Exactly and in full, give the records again.

◆ **Exercise input**:
*** Block opens ***

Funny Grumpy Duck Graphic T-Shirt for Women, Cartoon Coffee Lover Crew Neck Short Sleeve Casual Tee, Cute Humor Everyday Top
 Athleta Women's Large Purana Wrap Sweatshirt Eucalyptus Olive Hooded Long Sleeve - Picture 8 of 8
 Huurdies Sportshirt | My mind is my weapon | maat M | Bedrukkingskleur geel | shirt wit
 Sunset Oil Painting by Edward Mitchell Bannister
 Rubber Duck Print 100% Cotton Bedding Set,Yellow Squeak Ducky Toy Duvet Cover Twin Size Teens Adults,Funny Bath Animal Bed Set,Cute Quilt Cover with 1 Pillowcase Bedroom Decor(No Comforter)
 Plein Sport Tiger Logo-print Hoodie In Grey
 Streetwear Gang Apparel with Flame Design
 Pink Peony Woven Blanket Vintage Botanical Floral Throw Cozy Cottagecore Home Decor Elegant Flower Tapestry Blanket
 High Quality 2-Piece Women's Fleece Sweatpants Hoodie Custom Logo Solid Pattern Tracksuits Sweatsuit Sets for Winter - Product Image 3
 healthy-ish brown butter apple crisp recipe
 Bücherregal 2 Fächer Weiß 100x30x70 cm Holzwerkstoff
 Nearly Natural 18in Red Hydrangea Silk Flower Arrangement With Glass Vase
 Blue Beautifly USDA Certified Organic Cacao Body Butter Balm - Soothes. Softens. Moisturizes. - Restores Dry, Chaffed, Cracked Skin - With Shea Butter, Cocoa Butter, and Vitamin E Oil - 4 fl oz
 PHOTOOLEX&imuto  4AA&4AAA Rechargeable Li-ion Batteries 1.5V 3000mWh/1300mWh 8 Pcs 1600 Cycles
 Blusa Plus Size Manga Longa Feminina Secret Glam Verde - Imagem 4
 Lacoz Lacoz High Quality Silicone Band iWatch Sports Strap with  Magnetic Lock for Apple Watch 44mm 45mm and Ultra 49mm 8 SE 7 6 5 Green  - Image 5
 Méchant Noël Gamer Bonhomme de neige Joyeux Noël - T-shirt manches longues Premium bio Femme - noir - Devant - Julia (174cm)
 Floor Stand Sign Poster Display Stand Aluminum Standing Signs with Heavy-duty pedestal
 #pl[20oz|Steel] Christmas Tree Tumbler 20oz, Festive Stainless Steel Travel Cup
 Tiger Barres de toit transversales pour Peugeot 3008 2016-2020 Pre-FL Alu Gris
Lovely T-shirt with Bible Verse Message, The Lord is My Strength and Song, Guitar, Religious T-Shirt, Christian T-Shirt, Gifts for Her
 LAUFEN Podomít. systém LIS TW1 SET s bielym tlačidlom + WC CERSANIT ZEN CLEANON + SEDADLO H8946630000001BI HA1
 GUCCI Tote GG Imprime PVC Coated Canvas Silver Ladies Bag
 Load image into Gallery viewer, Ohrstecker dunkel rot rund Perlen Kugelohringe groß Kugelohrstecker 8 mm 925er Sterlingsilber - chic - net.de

*** Block closes ***

◆ **Answer to the problem**:
Funny Grumpy Duck Graphic T-Shirt for Women, Cartoon Coffee Lover Crew Neck Short Sleeve Casual Tee, Cute Humor Everyday Top
 Athleta Women's Large Purana Wrap Sweatshirt Eucalyptus Olive Hooded Long Sleeve - Picture 8 of 8
 Huurdies Sportshirt | My mind is my weapon | maat M | Bedrukkingskleur geel | shirt wit
 Sunset Oil Painting by Edward Mitchell Bannister
 Rubber Duck Print 100% Cotton Bedding Set,Yellow Squeak Ducky Toy Duvet Cover Twin Size Teens Adults,Funny Bath Animal Bed Set,Cute Quilt Cover with 1 Pillowcase Bedroom Decor(No Comforter)
 Plein Sport Tiger Logo-print Hoodie In Grey
 Streetwear Gang Apparel with Flame Design
 Pink Peony Woven Blanket Vintage Botanical Floral Throw Cozy Cottagecore Home Decor Elegant Flower Tapestry Blanket
 High Quality 2-Piece Women's Fleece Sweatpants Hoodie Custom Logo Solid Pattern Tracksuits Sweatsuit Sets for Winter - Product Image 3
 healthy-ish brown butter apple crisp recipe
 Bücherregal 2 Fächer Weiß 100x30x70 cm Holzwerkstoff
 Nearly Natural 18in Red Hydrangea Silk Flower Arrangement With Glass Vase
 Blue Beautifly USDA Certified Organic Cacao Body Butter Balm - Soothes. Softens. Moisturizes. - Restores Dry, Chaffed, Cracked Skin - With Shea Butter, Cocoa Butter, and Vitamin E Oil - 4 fl oz
 PHOTOOLEX&imuto  4AA&4AAA Rechargeable Li-ion Batteries 1.5V 3000mWh/1300mWh 8 Pcs 1600 Cycles
 Blusa Plus Size Manga Longa Feminina Secret Glam Verde - Imagem 4
 Lacoz Lacoz High Quality Silicone Band iWatch Sports Strap with  Magnetic Lock for Apple Watch 44mm 45mm and Ultra 49mm 8 SE 7 6 5 Green  - Image 5
 Méchant Noël Gamer Bonhomme de neige Joyeux Noël - T-shirt manches longues Premium bio Femme - noir - Devant - Julia (174cm)
 Floor Stand Sign Poster Display Stand Aluminum Standing Signs with Heavy-duty pedestal
 #pl[20oz|Steel] Christmas Tree Tumbler 20oz, Festive Stainless Steel Travel Cup
 Tiger Barres de toit transversales pour Peugeot 3008 2016-2020 Pre-FL Alu Gris
Lovely T-shirt with Bible Verse Message, The Lord is My Strength and Song, Guitar, Religious T-Shirt, Christian T-Shirt, Gifts for Her
 LAUFEN Podomít. systém LIS TW1 SET s bielym tlačidlom + WC CERSANIT ZEN CLEANON + SEDADLO H8946630000001BI HA1
 GUCCI Tote GG Imprime PVC Coated Canvas Silver Ladies Bag
 Load image into Gallery viewer, Ohrstecker dunkel rot rund Perlen Kugelohringe groß Kugelohrstecker 8 mm 925er Sterlingsilber - chic - net.de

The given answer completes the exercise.